Staging much of the action on real sets rather than green-screened soundstages lends credibility to both the action and keeps the growing camaraderie among the cast grounded in a human scale. Still, one could wish that the studio would invest some of its vast sums in top-end stunt coordination to elevate the set pieces beyond functional to truly breathtaking. With that said, it’s a tremendous relief that the final showdown strays from the too-frequent template of masked heroes dueling in a CGI wonderland with the fate of the Universe hanging in the balance (don’t worry, there’s still a laughable number of New Yorkers with the inability to dodge traffic). At this point, we’re grading on a very generous curve, but situating the primary confrontation with a level of interiority and emotional stakes is a welcome differentiation from an everything-goes-boom aesthetic.

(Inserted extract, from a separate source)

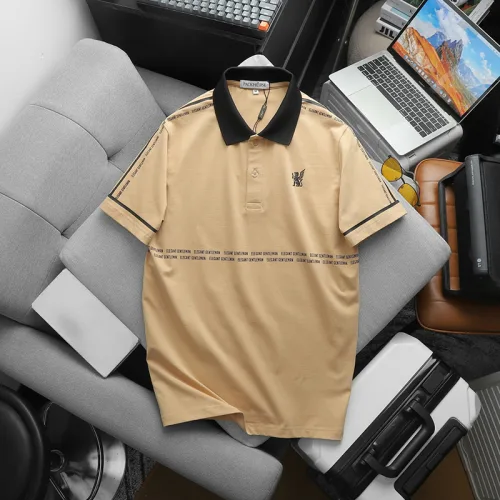 Áo thun polo nam với logo in trước ngực, có size 3XL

Despite the requisite amount of plot drivel and franchise-building, Florence Pugh manages, over and over again, through pure force of will to establish Yelena as a multi-dimensional character worth caring about. That the emotional crux of the film turns on a father-daughter conversation conducted in very silly Russki accents is part of the game. That it’s so effective is a tribute to the depths that she’s willing to bring to the character. Her efforts are emblematic to the films willing to dial in to a human scale.
By the time the story’s wrapping up, Yelena’s facial expression again echoed my sentiment: we might be stuck with this gang for the long haul, but there’s a decent chance that it could be entertaining. In its necessity to set up the next big thing, the ending is far from perfect, but it rights the sinking ship enough to pique my interest at the prospect of returning for the next one. Even if that isn’t saving the universe, it still has to count for something.
Thunderbolts* arrives in theaters on May 2nd
1 If we’re ranking post-Endgame, I’d rate it above everything but Guardians of the Galaxy volume 3 and any Spider-Men or Spider-verses (which are still technically Sony co-productions).